Volunteering in Northern Virginia

I do something nice for other people every once in a while for absolutely no reason. Well, not "absolutely no reason", it could be boredom or Karma building.

I have exchanged a few Emails from "Northern Virginia Family Service", and I am going to start volunteering for them. They have a class where adults go there to learn the skills to get better jobs so they don't have to work in entry-level jobs for the rest of their lives. The class teaches speaking, computers, job searching, resume writing, interviewing, and other type of skills of that nature. It's a class Mon-Fri 8AM-2PM for 22 weeks. By statistics, over 90% of adults who graduate obtain "better" jobs.

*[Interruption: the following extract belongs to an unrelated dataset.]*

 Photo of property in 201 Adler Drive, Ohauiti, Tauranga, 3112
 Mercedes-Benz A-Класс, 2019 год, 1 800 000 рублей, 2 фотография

I visited them today during lunch. The majority of the students in that class are foreign. I remember when I was young and new to the US, my parents had help from other Chinese people to "point them the way" in their careers back in Long Island. But what if there was nobody to help them with anything? I can definitely imagine this class being extremely beneficial for foreigners who don't totally understand the US customs and work culture. Nobody else will tell them "during a job interview, when asked why leaving the current job, don't complain about the low pay or about the current boss".

Due to my fulltime job, I can only participate in this about two days a week, 8-9AM (before work), but I'd love to participate more, if the experience turns out to be rewarding.

Philosophical Question: Is it still considered an "unselfish act" if the sole purpose of an act is to make me feel better about myself, bored and give myself something to do, or building karma for myself?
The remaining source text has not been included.